- Born: Vitaly Shlykov 4 February 1934 Kursk, USSR
- Died: 19 November 2011 (aged 77) Moscow, Russia
- Burial place: Troyekurovsky Cemetery
- Occupation: Spymaster
- Awards: Order of the Red Star
- Espionage activity
- Allegiance: Soviet Union Russian Federation
- Service branch: GRU
- Service years: 1958–1988
- Rank: Colonel
- Codename: Bob
- Codename: Nikolaev Vasilyevich

= Vitaly Shlykov =

Russian spymaster

Vitaly Shlykov (Виталий Васильевич Шлыков; 1934–2011) was a spymaster in the GRU, Russian deputy minister of defence and founder of the influential Council for Foreign and Defense Policy.

==Spying career==
Shlykov was arrested in Switzerland in January 1983 following his betrayal by Dieter Gerhardt under U.S. Central Intelligence Agency interrogation. Gerhardt was a South African national who spied for the Soviet Union for 20 years before his position was compromised by the Farewell Dossier. Shlykov was arrested when he travelled to Zurich under the false name Nikolaev Mikhail Vasilyevich to meet with Gerhardt's wife, Ruth, who acted as a courier. Despite not disclosing his real name or any other details to Swiss authorities, he was jailed for three years for spying for the Soviet Union.

After his release from prison in 1986, he started the Council for Foreign and Defence Policy, an influential think tank that provides advice to the Kremlin on security issues.
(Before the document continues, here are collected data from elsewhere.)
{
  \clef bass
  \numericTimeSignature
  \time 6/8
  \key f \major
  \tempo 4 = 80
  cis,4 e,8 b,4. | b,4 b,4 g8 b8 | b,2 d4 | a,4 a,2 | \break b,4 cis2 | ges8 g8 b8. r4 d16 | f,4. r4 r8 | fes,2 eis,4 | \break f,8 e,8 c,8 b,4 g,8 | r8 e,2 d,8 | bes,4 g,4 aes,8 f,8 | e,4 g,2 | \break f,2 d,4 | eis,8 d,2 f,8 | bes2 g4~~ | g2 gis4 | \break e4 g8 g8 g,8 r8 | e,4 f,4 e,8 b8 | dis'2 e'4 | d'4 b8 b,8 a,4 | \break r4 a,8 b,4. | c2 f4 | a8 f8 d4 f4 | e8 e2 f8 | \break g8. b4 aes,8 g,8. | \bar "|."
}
He later rose to the position of deputy minister of defence in the Russian Federation under Boris Yeltsin.

==Analysis of the demise of the Soviet Union==

Shlykov argued with his superiors that the Soviet Union was basing its military and economic policies on faulty assumptions, inherited from the Joseph Stalin era.

Namely, he posited that the Soviet war plans were based on the assumption that the upcoming military conflict between the USSR and NATO would strategically and technologically resemble World War II.

To prepare for this contingency, it was planned to mobilize between 4 and 8 million soldiers and to continuously supply them with enormous quantities of material: tanks, cannon, planes etc., since it was expected that the materiel (and the soldiers) would be constantly attrited at a high rate.

Therefore, most industrial plants in the USSR were required to set aside significant production capacities during peacetime, in order to "mobilize" them when war broke out and to produce the requisite enormous quantities of war materiel. This had the effect of severely undermining the Soviet economy.

Shlykov argued that the assumption that World War III would resemble World War II was wrong and that the above-described approach was ruining the Soviet economy without actually preparing it for possible future conflicts. He pointed out that the Western powers opted out of the World War II-era approach and were actively developing "smart" weapons in order to counter the Soviet preponderance in manpower and classical materiel.

For his efforts he was summarily dismissed from the Soviet Army. He later published his arguments after the fall of the Soviet Union in the open press.